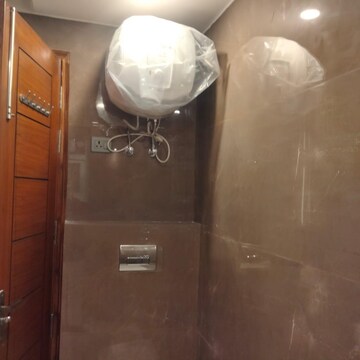 Furnished Amenities in 4 BHK Builder Floor at BPTP Amstoria, Sector 102 – for Sale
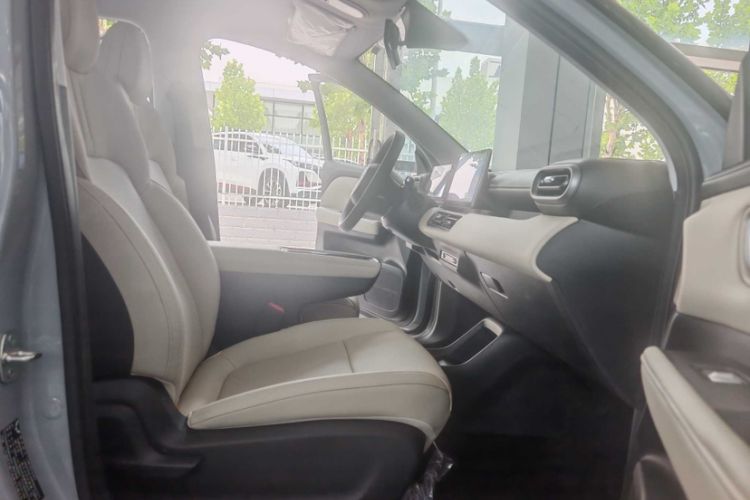 Used Wuling Bingo PLUS 2024 330 km Range Five-Seater Version Interior 7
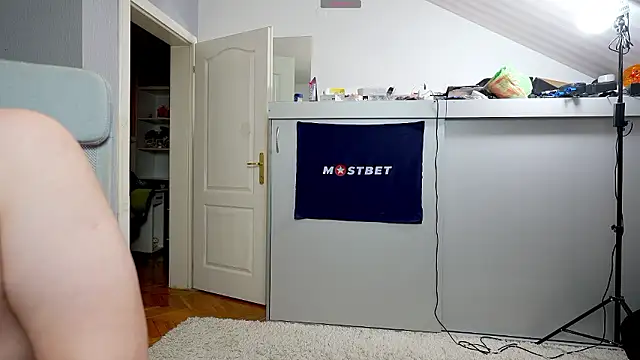 Snapshot of foxeslovefoxes chatting on 6, 12, 2024 foxeslovefoxes online show from 6, 12, 2024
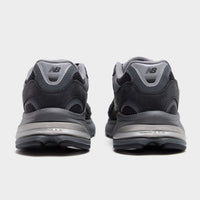 Black New Balance 2010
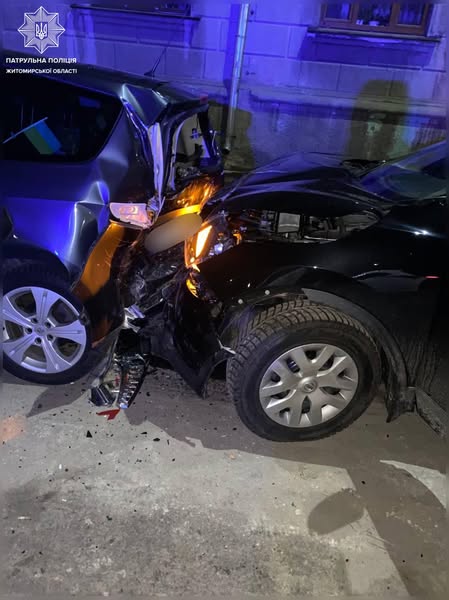 Нічна автопригода у Житомирі: п’яний водій Nissan в’їхав у припарковані автівки на Старому бульварі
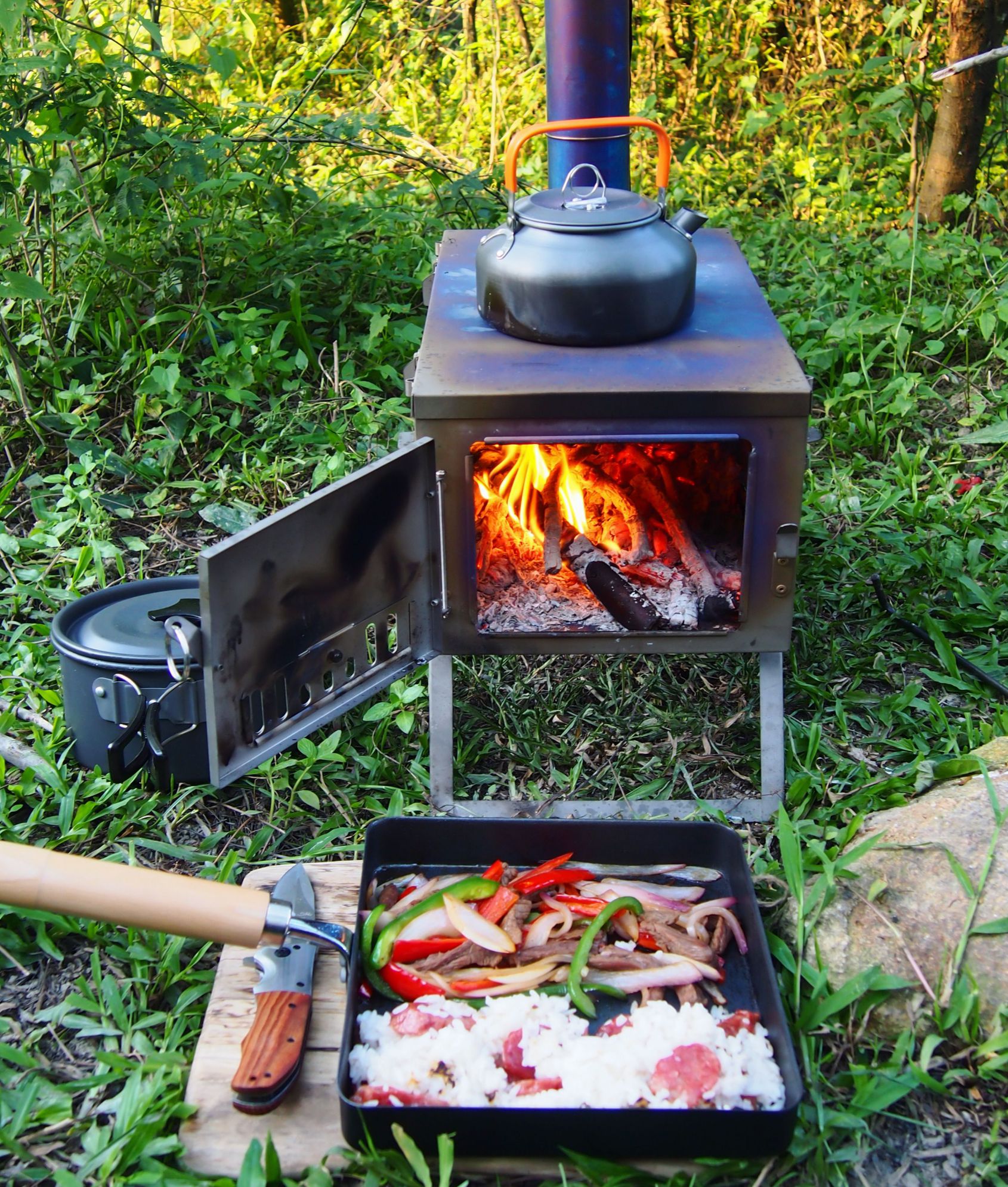 Camping in the mountains with a tent stove  第1张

● ● ●

YOUR TASK:
Starting at the line that holds "Нічна автопригода у", repeat every line through the end of the listing exactly as written, skipping any picture.

TASK ANSWER:
 Нічна автопригода у Житомирі: п’яний водій Nissan в’їхав у припарковані автівки на Старому бульварі
 Camping in the mountains with a tent stove  第1张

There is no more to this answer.